Impact of the adherence to the original low‐cost model on the profitability of low‐cost airlines

Pages 377-392 | Received 01 Jan 2004, Accepted 01 Jan 2004, Published online: 23 Feb 2007
 

Abstract

Undoubtedly, low‐cost operation has been a very successful business model in the airline industry. Over the past 5 years, there has been a widespread departure from the original low‐cost model introduced by Southwest Airlines. The low‐cost carriers tended to follow a differentiation strategy as opposed to cost leadership on which the original low‐cost model was based. The objective of this paper is to assess the degree by which the original low‐cost model has been modified over the years, and to ascertain whether the degree of adherence to the original model has any impact on the profit level of low‐cost airlines. The performance and business models of ten longer‐established US and European low‐cost carriers are analysed and evaluated against the original model of Southwest Airlines. Analysis indicates that although an increasing number of ‘hybrid’ low‐cost models are achieving low operating costs, offering low fares and returning attractive operating profit margins, there is a case for recommending adherence to the original model to ensure greater profitability.

Notes

Go was acquired by easyJet, and Buzz by Ryanair in 2002. Debonair was made bankrupt in 2000.

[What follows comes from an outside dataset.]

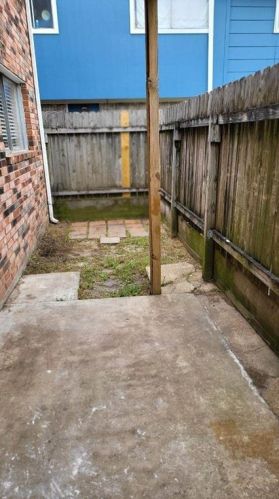 724 1st St, Morgans Point TX  77571-5100 exterior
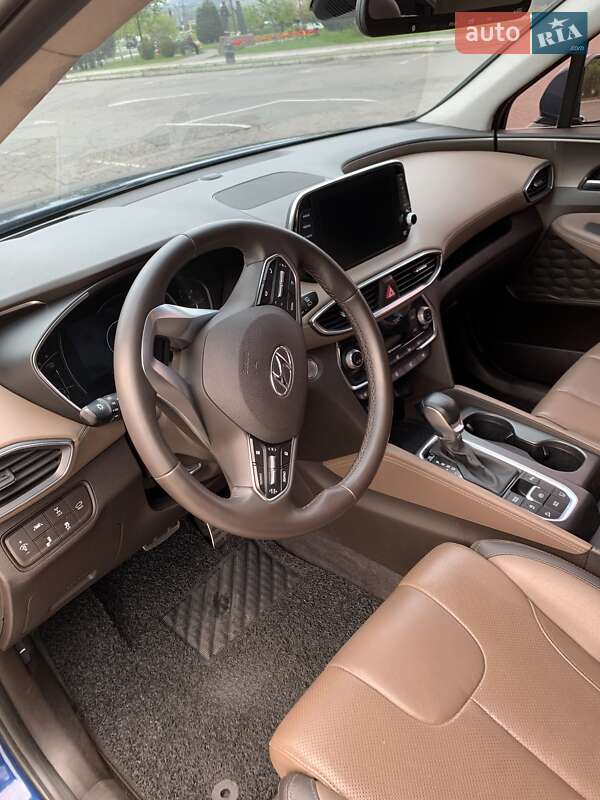 Внедорожник / Кроссовер Hyundai Santa FE 2018 в Кривом Роге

Unit cost is the industry standard for calculating and comparing various airlines’ operating costs. The formula involves dividing the carrier’s total operating costs by the total number of available seat‐km (ASK) produced by the carrier for a specific period: ASK = total kilometres flown × total number of seats for sale. The resulting unit cost is the cost of producing one seat and transporting that one seat over 1 km.